DUNIA JAWA DI MATA NH DINI: PANTULAN NOVEL TIRAI MENURUN


Djoko Saryono

/1/
Menurut NH Dini sendiri, selain novel Pada Sebuah Kapal, novel Tirai Menurun merupakan novel serius yang penting dalam kepengarangannya. Berbeda dengan novel Pada Sebuah Kapal yang mengisahberitakan dunia lintas-batas budaya di tengah hamparan pergaulan dan kehidupaan multinasional, novel Tirai Menurun mengisahberitakan dunia Jawa di tengah proses perubahan sosial budaya yang gencar-masif. Bisa dikatakan, novel Tirai Menurun adalah novel NH Dini yang paling kuat, tebal, dan kental menggambarkan dunia Jawa khususnya dunia wong cilik Jawa.

Dunia wong cilik Jawa dijadikan NH Dini sebagai ajang menceritakan perubahan sosial budaya Jawa di masyarakat Jawa. Di samping segi-segi sosial budaya Jawa yang lain, yang menurut saya amat menarik dari novel Tirai Menurun adalah gambaran dinamika perubahan nilai sosial budaya di kalangan wong cilik Jawa. Hal itu menyangkut nilai spiritual, filosofis, dan etis Jawa yang dihayati dan dipedomani oleh kalangan wong cilik Jawa.

/2/
Penghayatan ketaudihan, pengetahuan Kejawen, dan pemahaman keimanan adalah beberapa nilai spiritual Jawa yang tergambar kuat di dalam novel Tirai Menurun. Teks Tirai Menurun menampilkan nilai ketauhidan yang dihayati dan diikuti oleh orang-orang kecil Jawa. Beda dengan Pengakuan Pariyem, teks Tirai Menurun mengisahberita¬kan orang-orang kecil di lingkungan desa dan kesenian tradisional (orang-orang yang berkecimpung di dunia wayang wong) yang berada di luar pusat lingkaran konsentris Kerajaan Mataram Islam atau BJ pedalam¬an.

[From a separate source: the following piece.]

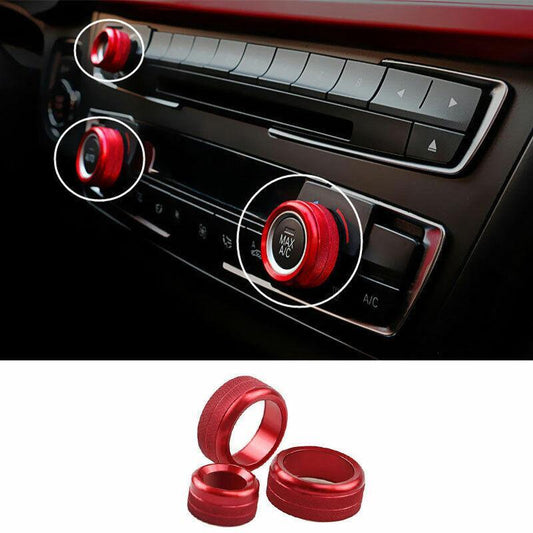 for BMW X5 X6 2008-2013 Red Aluminum Air Conditioning Button Control Ring Trim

Di samping itu, orang-orang kecil yang dikisah¬berita¬kan bukanlah pembantu sejenis Pariyem, melainkan orang-orang mandiri: Simbok, Pak Cokro, Pak dan Bu Carik Jayus, dan yang utama ¬Kedasih, Kintel, Sumirat, serta Wardoyo.

Pengha¬yatan dan pengamalan nilai ketauhidan dalam teks Tirai Menurun dapat diketahui dengan memperhatikan sikap dan perilaku tokoh-tokoh novel. Dengan sudut pandang diaan, pengarang teks Tirai Menurun memaparkan kesadar¬an tauhid zati (kemaha¬kuasaan Tuhan) Simbok Kedasih sebagai berikut: “Kedalaman lubuk hatinya mengetahui bahwa makanan bukan satu-satunya tiang kesejahteraan, karena kelanggengan yang mutlak tidak akan pernah akan ada. Yang dikhawatirkan adalah persediaan buat masa depan. Itulah pikiran yang juga dia warisi dari bapaknya Simbok, yang turun dari sifat-sifat kakeknya Simbok. Langsung di malam kesripahan, ketika mereka pulang dari kuburan, Sumirat turut duduk mende-ngarkan pembicaraan apa yang akan dikerjakan Simbok. Tiga generasi: neneknya Sumirat, Simbok dan Paman, dan Sumirat sendiri. Semuda itu dia daiajar bahwa kehidupan ditentukan oleh Gusti, tetapi diolah oleh akal dan rasa manusia sendiri. Menurut garis itu, di masa hidupnya, kakeknya Sumirat selalu berusaha mendapatkan hasil yang lebih dan yang lebih lagi. Perkataan usaha tidak pernah dilupakan di dalam pondok mereka. Bapaknya Sumirat menuruti ajaran itu pula” (TM:63)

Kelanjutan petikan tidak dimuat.